What is the general order of disassembly for the lift cover assembly? The general order of disassembly is the ram cylinder (50), control spring (42), lift control fork and spring control fork (53).
What is the procedure to remove the lift cover unit from a Model 8N tractor? To remove the lift cover unit from a Model 8N tractor, first remove the tractor seat and the pin from the main control spring yoke. Disconnect lift arms from leveling arms by removing cotter pins and clevis pins. Move the touch control lever to the down position and the position control lever to the disengaged position. Place the lift arms in the down position. Remove approximately 14 cap screws retaining lift cover to axle center housing and carefully lift the unit off the tractor.
What is the general order of disassembly for the lift cover assembly?

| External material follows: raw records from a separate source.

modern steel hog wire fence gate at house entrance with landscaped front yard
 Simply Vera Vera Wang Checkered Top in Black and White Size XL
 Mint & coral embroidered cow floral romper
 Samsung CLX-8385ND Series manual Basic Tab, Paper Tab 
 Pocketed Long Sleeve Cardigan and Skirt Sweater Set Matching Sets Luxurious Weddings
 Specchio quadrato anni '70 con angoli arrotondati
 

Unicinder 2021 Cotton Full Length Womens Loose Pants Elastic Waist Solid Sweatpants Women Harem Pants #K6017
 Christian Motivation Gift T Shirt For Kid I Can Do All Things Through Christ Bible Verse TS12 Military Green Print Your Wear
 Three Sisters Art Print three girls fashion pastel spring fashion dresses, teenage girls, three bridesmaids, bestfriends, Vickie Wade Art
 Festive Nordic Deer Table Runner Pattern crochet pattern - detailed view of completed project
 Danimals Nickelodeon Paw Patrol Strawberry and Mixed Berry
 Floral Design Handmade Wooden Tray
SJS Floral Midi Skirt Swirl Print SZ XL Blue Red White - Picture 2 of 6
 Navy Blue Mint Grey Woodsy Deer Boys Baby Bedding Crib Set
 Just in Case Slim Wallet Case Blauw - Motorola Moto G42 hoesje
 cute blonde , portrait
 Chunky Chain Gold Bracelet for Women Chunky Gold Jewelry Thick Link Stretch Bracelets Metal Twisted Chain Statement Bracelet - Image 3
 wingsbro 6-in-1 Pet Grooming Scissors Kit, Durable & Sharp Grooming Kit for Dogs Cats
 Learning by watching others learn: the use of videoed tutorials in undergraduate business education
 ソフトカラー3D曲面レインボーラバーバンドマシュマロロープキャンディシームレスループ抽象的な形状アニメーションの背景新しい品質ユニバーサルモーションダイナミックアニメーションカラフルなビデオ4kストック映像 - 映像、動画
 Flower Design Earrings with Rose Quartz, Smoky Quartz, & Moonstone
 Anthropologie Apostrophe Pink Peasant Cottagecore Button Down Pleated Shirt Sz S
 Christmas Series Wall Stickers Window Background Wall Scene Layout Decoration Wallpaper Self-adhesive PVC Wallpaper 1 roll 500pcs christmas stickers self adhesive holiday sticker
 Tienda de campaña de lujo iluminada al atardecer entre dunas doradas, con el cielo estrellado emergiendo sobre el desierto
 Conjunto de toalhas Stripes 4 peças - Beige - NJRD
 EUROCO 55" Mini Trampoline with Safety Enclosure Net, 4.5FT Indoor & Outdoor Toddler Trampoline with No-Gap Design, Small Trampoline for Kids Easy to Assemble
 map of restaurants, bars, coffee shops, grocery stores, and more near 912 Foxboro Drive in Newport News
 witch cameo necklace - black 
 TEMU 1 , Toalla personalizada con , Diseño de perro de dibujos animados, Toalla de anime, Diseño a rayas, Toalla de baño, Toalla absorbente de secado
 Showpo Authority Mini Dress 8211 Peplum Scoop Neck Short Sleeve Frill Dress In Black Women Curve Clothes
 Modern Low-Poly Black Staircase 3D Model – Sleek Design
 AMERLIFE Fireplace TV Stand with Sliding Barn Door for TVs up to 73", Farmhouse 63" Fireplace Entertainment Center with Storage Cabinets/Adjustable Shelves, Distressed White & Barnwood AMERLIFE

The general order of disassembly is the ram cylinder (50), piston connecting rod (47), touch control lever (57), linkage for constant draft control rod (73), position control lever, and linkage, quadrant, control arm, lift arms (59), lift arms shaft (45) and bushings (60).
What is the procedure to test the pump operating pressure in Models 2N-8N-9N? To check pump operating pressure when pump is installed, proceed as follows: Remove hexagon head (1/2 x 20) cap screw (14-Fig. FO92) located at right hand corner of pump base and in its place connect a pressure gauge of not less than 1700 and not more than 2500 psi capacity. With the lift arms secured in the full lowered position or weighted to prevent lifting, move the touch control lever to the top position on the quadrant. The relief valve should open at a gauge pressure of not less than 1600 psi.